TASK STATEMENT: Go through the listing below and output exactly the line with "If you'd like", the line with "Nearpod now has", and each line between; omit the rest.
#### SUPPLIED INFORMATION ####
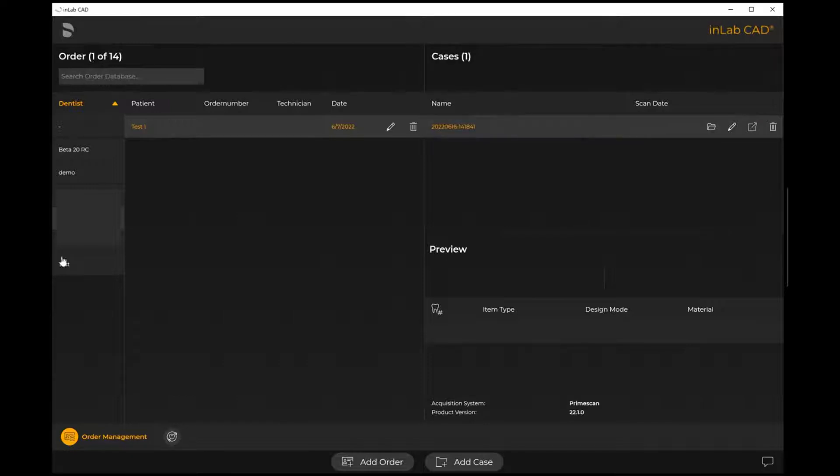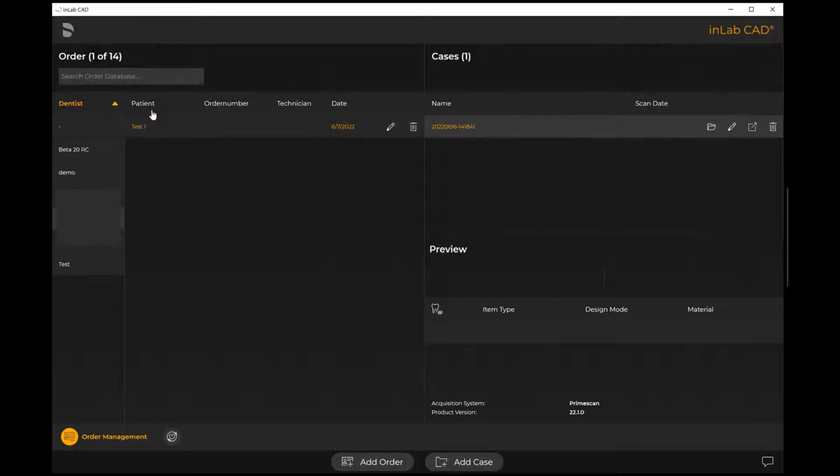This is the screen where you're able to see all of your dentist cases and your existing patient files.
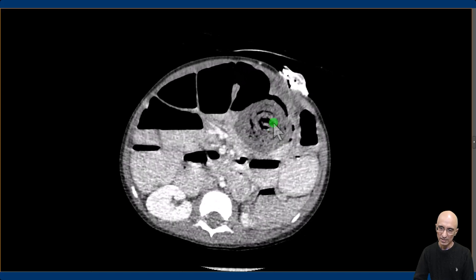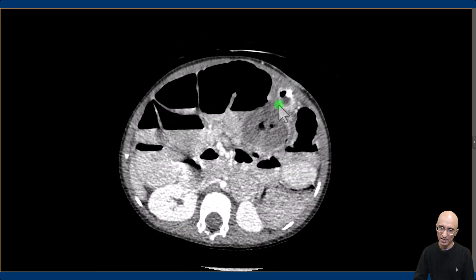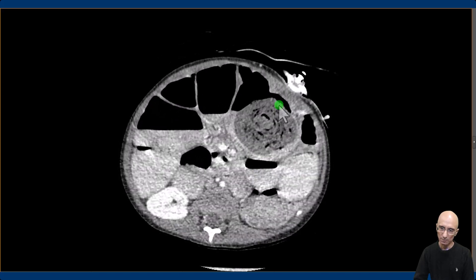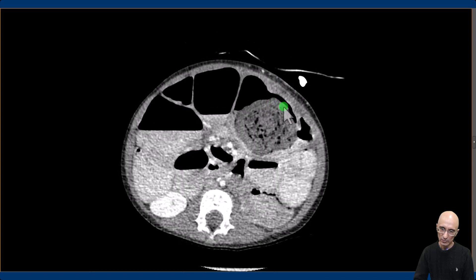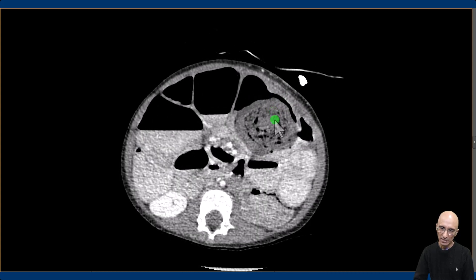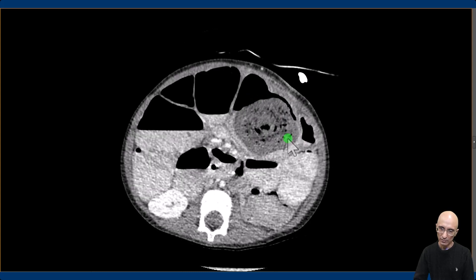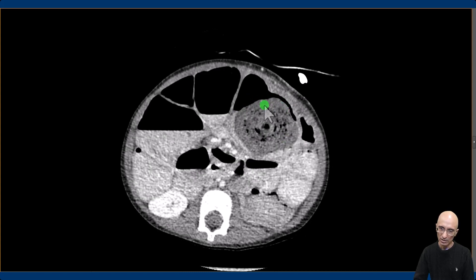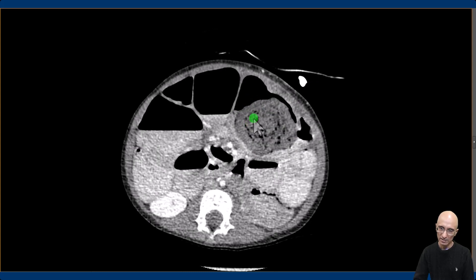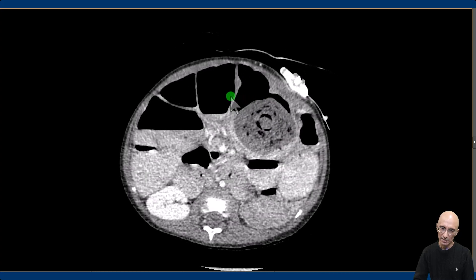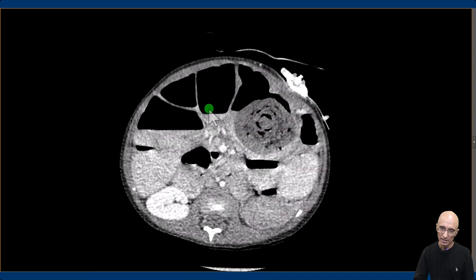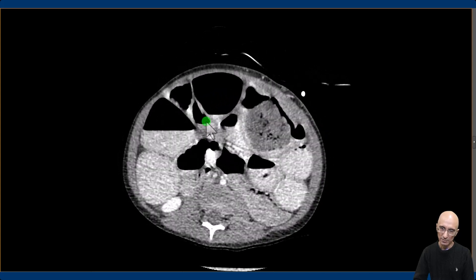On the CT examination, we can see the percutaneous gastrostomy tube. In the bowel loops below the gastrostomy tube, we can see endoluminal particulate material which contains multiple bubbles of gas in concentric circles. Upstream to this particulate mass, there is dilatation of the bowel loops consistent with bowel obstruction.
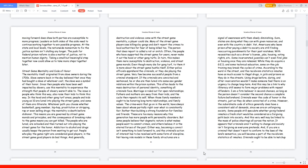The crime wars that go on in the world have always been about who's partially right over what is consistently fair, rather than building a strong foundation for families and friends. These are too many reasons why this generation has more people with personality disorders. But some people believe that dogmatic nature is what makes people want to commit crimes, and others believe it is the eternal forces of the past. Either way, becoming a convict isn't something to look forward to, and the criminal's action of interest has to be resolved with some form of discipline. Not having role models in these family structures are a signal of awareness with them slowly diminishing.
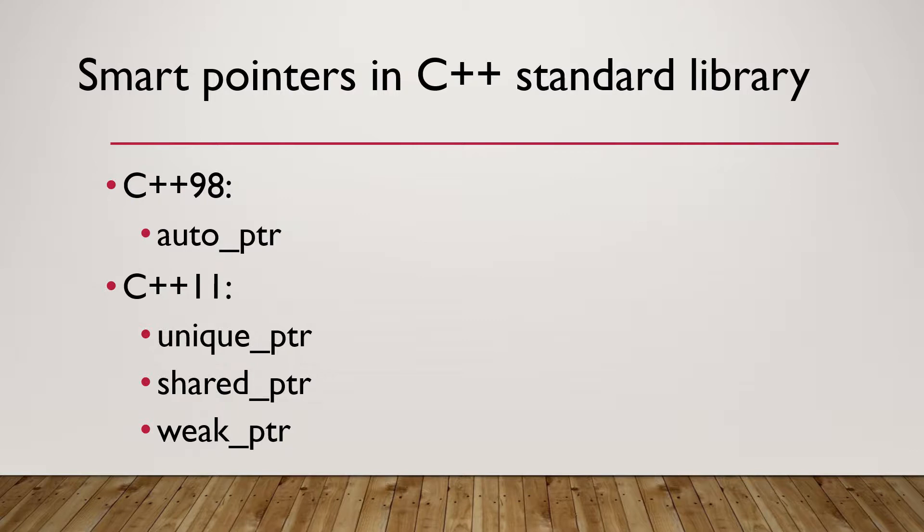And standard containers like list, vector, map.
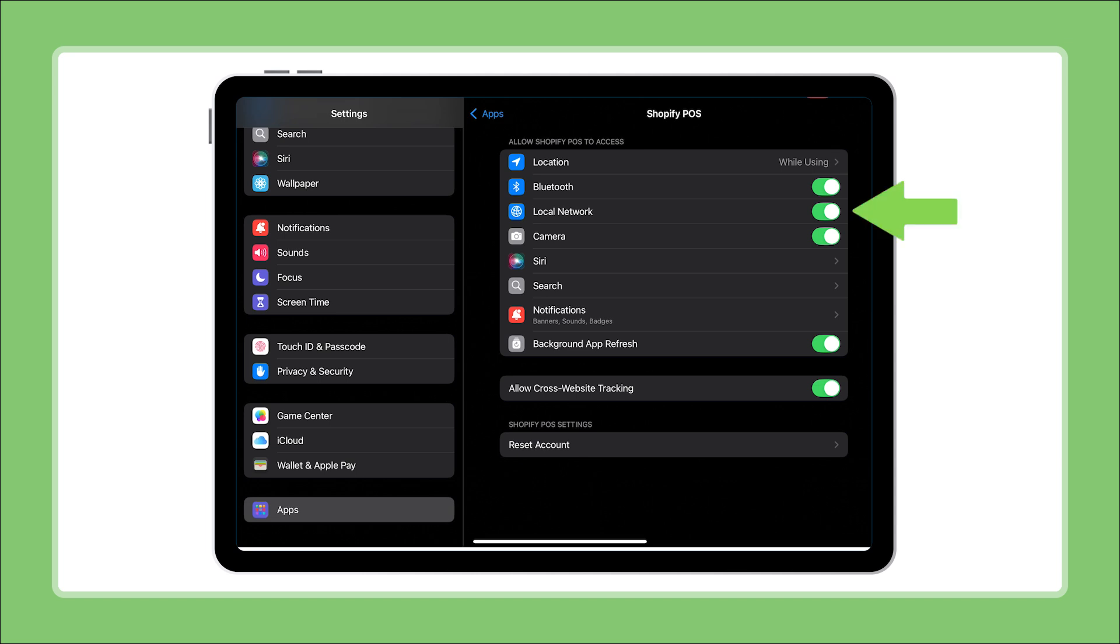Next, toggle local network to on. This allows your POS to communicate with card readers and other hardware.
####
#### SUPPLIED INFORMATION ####
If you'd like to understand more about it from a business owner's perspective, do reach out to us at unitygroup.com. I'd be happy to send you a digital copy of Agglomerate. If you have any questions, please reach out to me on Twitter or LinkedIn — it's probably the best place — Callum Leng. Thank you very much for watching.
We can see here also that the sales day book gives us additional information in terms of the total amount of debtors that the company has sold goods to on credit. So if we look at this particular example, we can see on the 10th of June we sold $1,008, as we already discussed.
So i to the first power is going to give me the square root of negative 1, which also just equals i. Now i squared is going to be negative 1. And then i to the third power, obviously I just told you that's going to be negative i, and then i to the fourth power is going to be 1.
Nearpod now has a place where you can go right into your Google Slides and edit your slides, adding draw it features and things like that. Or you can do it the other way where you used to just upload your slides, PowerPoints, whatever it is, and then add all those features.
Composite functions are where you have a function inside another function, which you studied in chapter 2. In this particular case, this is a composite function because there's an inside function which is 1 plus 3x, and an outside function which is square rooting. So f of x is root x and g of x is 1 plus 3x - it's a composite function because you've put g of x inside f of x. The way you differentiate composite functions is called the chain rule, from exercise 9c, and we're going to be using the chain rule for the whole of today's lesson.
####
#### SUPPLIED INFORMATION ####
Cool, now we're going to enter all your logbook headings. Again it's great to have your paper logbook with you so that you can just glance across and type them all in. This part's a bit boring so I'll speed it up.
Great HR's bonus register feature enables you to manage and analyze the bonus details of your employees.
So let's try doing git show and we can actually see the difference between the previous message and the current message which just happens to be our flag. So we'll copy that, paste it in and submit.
####
YOUR RESPONSE:
If you'd like to understand more about it from a business owner's perspective, do reach out to us at unitygroup.com. I'd be happy to send you a digital copy of Agglomerate. If you have any questions, please reach out to me on Twitter or LinkedIn — it's probably the best place — Callum Leng. Thank you very much for watching.
We can see here also that the sales day book gives us additional information in terms of the total amount of debtors that the company has sold goods to on credit. So if we look at this particular example, we can see on the 10th of June we sold $1,008, as we already discussed.
So i to the first power is going to give me the square root of negative 1, which also just equals i. Now i squared is going to be negative 1. And then i to the third power, obviously I just told you that's going to be negative i, and then i to the fourth power is going to be 1.
Nearpod now has a place where you can go right into your Google Slides and edit your slides, adding draw it features and things like that. Or you can do it the other way where you used to just upload your slides, PowerPoints, whatever it is, and then add all those features.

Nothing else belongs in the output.